Rise of new economies is a hegemonic shift, students told

newsWhen Goldman Sachs, the investment bank, coined the BRICs acronym – denoting Brazil, Russia, India and China – it predicted that their proportion of world output would reach 10% by 2010; in fact, it reached over 17%. In that year, the four BRICs experienced growth-rates of 7.5%, 5%, 10% and 10.5% respectively, and had been largely unaffected by the Western financial crisis.

Much has changed: Brazil’s economy is now technically in recession, and the International Monetary Fund (IMF) expects negligible growth this year and only 1% next year. As sanctions bed in, Russia’s growth until at least 2016 will be less than 1%. India’s growth has halved since 2010 which has coincided with almost double-digit inflation. Even China is experiencing a slow-down of sorts: having averaged a 10% growth rate over the last three decades, it grew by 7.3% last year, and the IMF forecasts that to decline to 6.3% by the end of the decade.

It is in that context that the Society For International Affairs (SoFIA) and the Trinity Global Development Society co-hosted yesterday evening’s panel event, “BRICS: Building Houses of Straw?”

Hamish McRae, an associate editor at the London Independent and former editor of Trinity News, was alone in using a projector, and put it to use by displaying numerous graphs. China, according to IMF data, will overtake the US economy by 2030, he said, with the three other BRICs in the top six.

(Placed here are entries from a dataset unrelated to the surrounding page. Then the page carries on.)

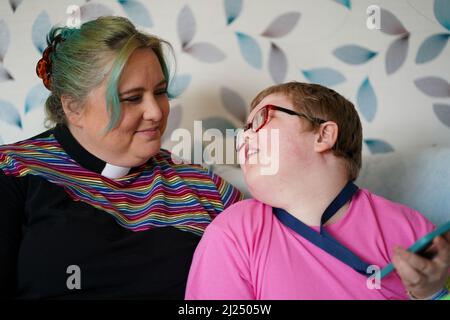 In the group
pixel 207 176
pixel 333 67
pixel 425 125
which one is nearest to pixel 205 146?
pixel 207 176

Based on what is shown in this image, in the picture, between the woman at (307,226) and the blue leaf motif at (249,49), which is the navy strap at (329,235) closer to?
the woman at (307,226)

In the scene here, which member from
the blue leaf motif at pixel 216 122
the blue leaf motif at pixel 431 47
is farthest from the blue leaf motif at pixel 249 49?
the blue leaf motif at pixel 431 47

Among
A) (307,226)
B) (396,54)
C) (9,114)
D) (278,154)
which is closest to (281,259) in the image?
(307,226)

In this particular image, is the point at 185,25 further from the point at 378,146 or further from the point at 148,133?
the point at 378,146

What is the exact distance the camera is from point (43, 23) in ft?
6.52

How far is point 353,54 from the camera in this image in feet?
6.68

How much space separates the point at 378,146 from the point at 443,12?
551mm

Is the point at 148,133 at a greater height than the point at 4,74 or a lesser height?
lesser

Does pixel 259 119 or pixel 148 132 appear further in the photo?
pixel 148 132

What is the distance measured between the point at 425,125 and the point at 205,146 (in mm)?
830

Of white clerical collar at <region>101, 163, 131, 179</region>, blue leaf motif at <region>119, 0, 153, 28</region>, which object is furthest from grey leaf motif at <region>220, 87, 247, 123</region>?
white clerical collar at <region>101, 163, 131, 179</region>

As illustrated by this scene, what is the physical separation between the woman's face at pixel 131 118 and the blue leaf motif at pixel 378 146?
0.88m

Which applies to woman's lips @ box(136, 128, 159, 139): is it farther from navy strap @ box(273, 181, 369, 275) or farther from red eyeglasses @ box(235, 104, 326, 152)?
navy strap @ box(273, 181, 369, 275) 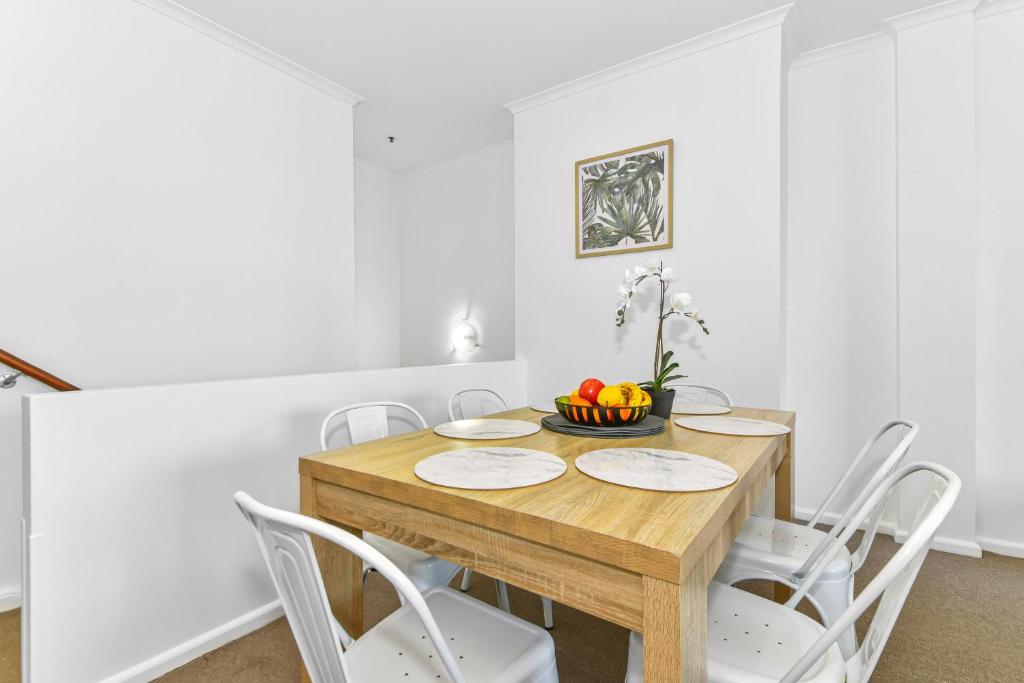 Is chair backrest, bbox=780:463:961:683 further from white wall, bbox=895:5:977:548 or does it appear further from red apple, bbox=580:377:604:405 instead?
white wall, bbox=895:5:977:548

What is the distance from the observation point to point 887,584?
689mm

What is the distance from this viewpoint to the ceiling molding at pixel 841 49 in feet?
8.27

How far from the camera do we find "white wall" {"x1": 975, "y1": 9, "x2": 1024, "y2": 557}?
7.51 ft

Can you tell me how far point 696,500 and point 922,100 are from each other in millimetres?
2683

A central premise of his speech was that “demography is a key driver” in the economic performance of countries, and he warned that a collapse in birth-rates is leading to a rapid increase in the 65+ age-group in China – the UN predicts an almost tripling from 10% to 28% in the next 50 years, which will result in higher social welfare costs. Russia’s demographics look similarly weak, with total population set to decline 30% by 2050. Conversely, he pointed to a far healthier outlook in India and Brazil.

Concluding, he said another potential anchor on the future growth of BRICs would be protectionism in the form of nationalist tariffs and embargoes, and said that “power brings responsibility” for the BRICs.

Eamon Fingelton, a journalist and author with a particular interest in Japan, began by noting McRae’s focus on the “commonalities” between the BRICs; however, “differences are more important”, he said, “and there are many”. He stated that, due to these differences, China belongs outside of the BRICS, and that its rise will be seen as “one of the most significant events in human history.” In support, he contrasted China’s savings rate of 50% with Brazil’s rate of 14% (Ireland’s is 13.8%). While the gap between China and Brazil is the extreme, China retains a considerable gap on the others.

As “both authoritarian and stable” government, China can boost savings by suppressing consumption – through policies such as high sales taxes and small housing units (he explained that smaller housing units leads to less expenditure on heating, furniture, etc. which results in more saving). These savings reserves lead to a comparative advantage in the ability to build infrastructure which results in greater productivity.

Fingelton espoused a not widely-held view that Japan’s economy (which has grown by a mere 12% in real terms since its crash two decades ago – an annualised 0.6%) is in fact prospering because its government focuses on the “real economy” (manufacturing) rather than, say, financial services.

It is the economic model of Japan that China seeks to emulate rather than the western one, he said.

Padraig Carmody, a lecturer in development geography and author of The Rise of BRICs in Africa, said that the Western financial crisis had precipitated a “moment of hegemonic shift from USA to China”, one which had been building for decades, and that “structural flaws” remain in the west where the finance, insurance and real estate sectors continue to dominate.

In relation to BRICs taking responsibility for their power, he gave a nod to the New Development Bank which was founded earlier this year at the sixth BRICS Summit to compete with the US dominated World Bank (it should be noted that South Africa is a participant in the BRICS summits despite not being included in the initial acronym).

He said China’s ‘soft power’ – its ability to influence without coercion – was “evident in Africa”, where its “history of non-interventionism” is conducive to good relations.

With a reference to Naomi Klein’s ‘This Changes Everything: Capitalism vs the Climate’, he concluded with a warning that, in fact, it may not be just BRIC economies but the global economy that is building houses of “flammable straw” because of the spectre of climate change.

Martin Murray, executive director of the “educational think tank” Asia Matters and the honorary consul of Indonesia in Ireland, spoke about Indonesia – a country that is not one of the BRICS – and of the opportunities that Ireland had to trade in Asia. He outlined Ireland’s unique selling points as being education, ICT, food/agri, finance and aviation finance in particular.

“When you graduate,” he concluded to laughter, “move to Asia.”